### Exercise goal
Copy the lines below exactly, starting at the one with "A translucent blue" and ending at the one with "White lace seamless", and leave out any picture.

### Information
▼
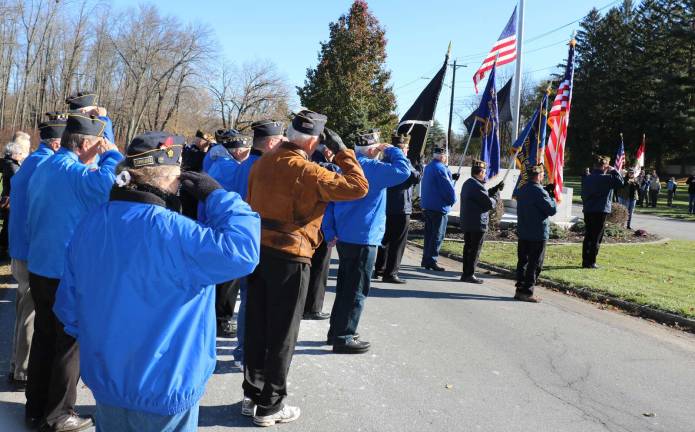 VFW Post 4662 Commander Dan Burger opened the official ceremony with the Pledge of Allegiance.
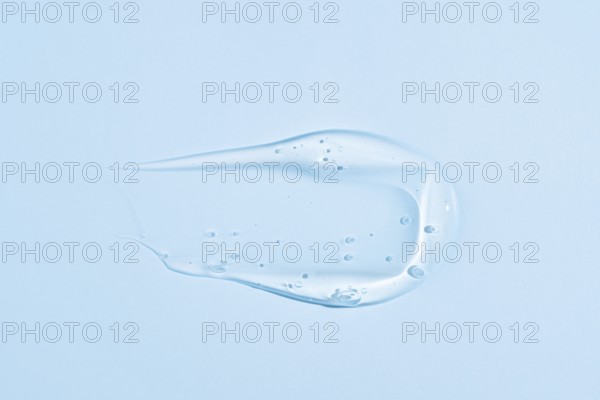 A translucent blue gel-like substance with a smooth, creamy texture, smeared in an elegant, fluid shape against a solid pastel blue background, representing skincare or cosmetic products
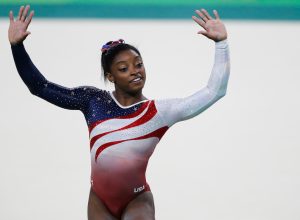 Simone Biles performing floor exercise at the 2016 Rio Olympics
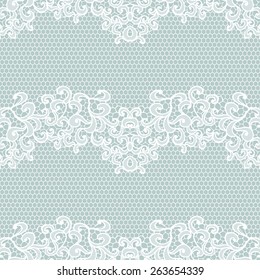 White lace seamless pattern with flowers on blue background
▲
▼
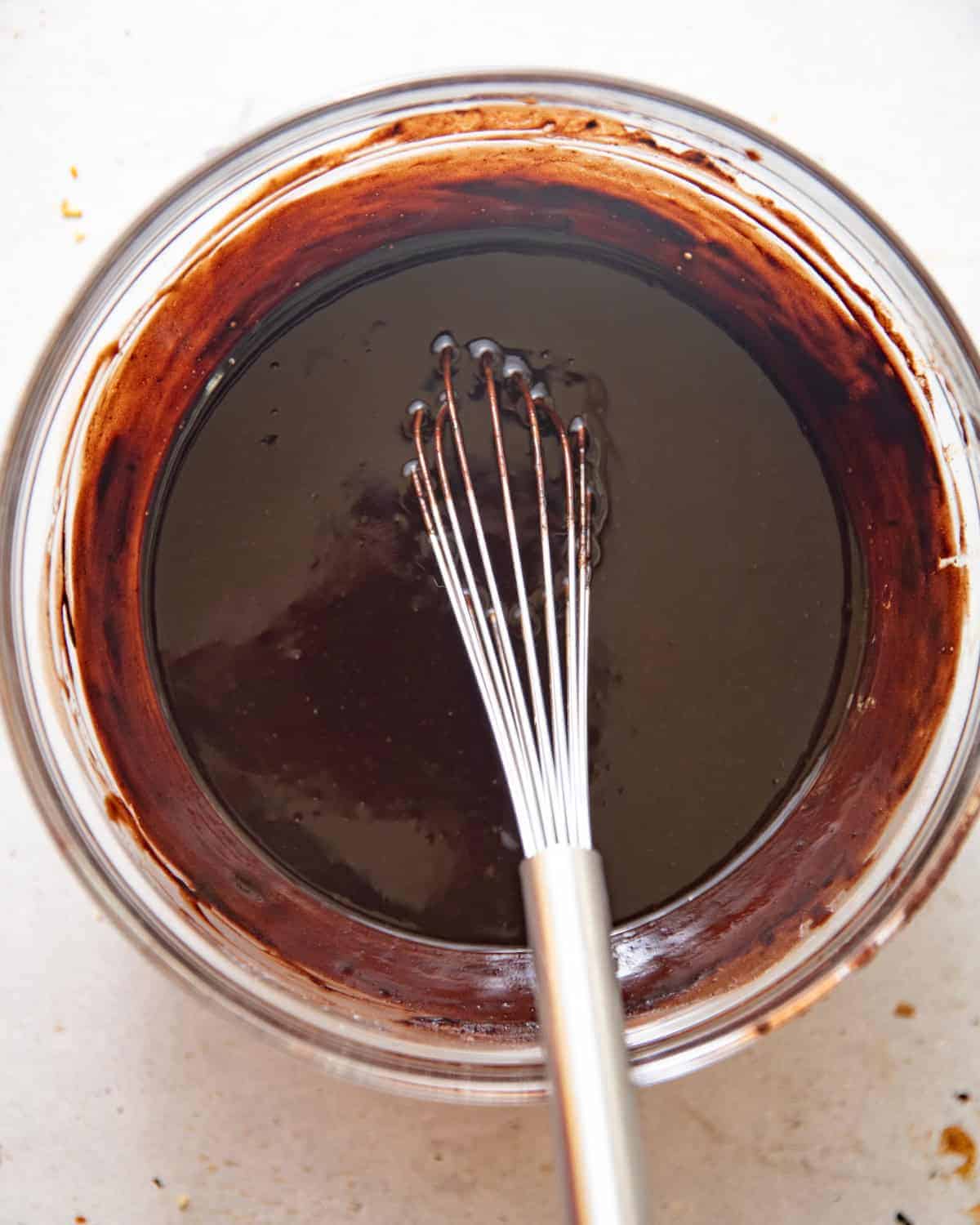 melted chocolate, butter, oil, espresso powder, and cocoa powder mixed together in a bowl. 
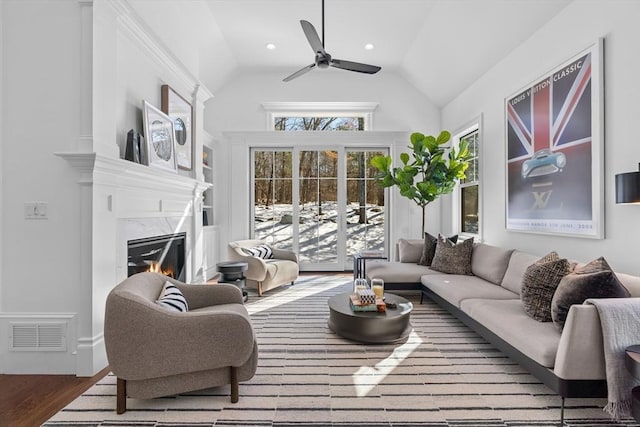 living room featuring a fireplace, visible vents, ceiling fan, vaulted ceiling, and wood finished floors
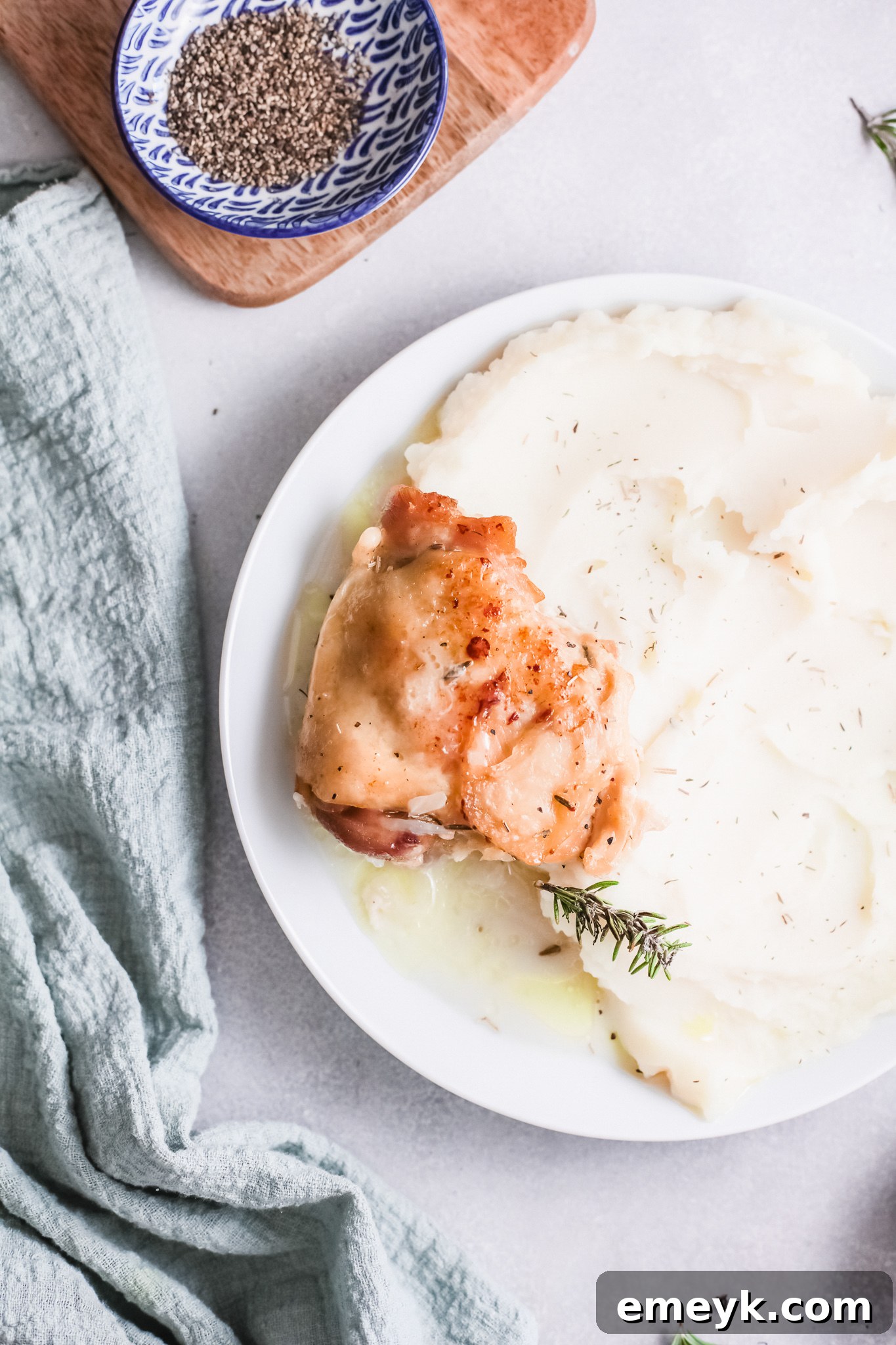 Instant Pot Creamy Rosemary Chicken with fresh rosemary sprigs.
▲
▼
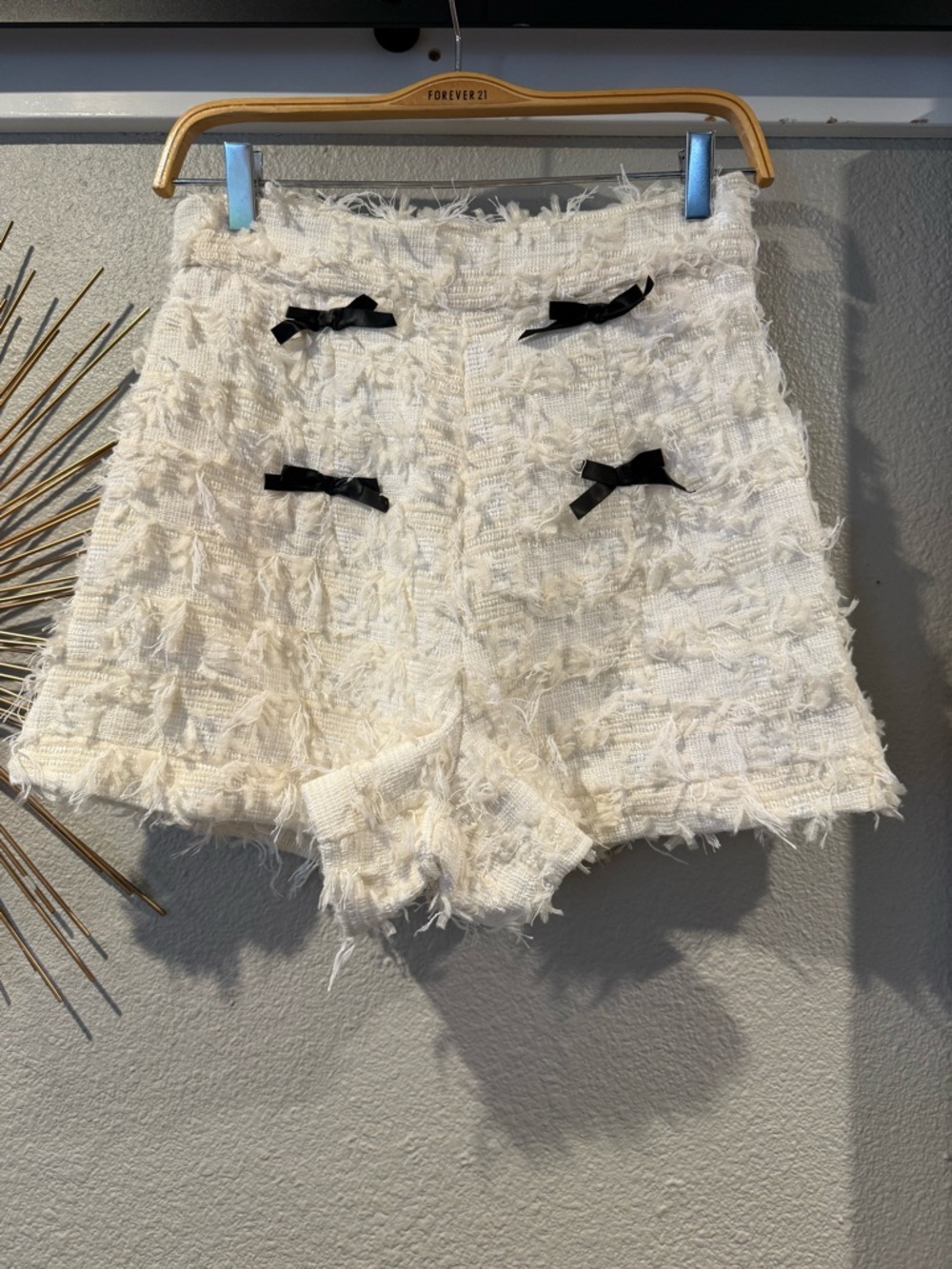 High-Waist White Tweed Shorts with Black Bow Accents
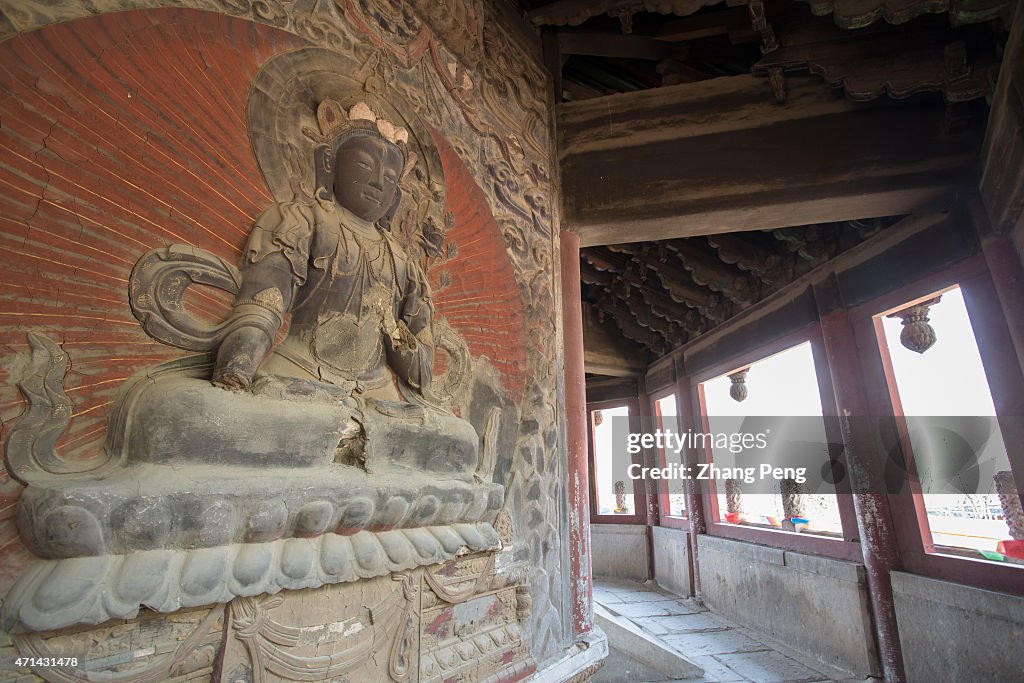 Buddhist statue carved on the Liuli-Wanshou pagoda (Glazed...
▲
### Completed exercise
 A translucent blue gel-like substance with a smooth, creamy texture, smeared in an elegant, fluid shape against a solid pastel blue background, representing skincare or cosmetic products
 Simone Biles performing floor exercise at the 2016 Rio Olympics
 White lace seamless pattern with flowers on blue background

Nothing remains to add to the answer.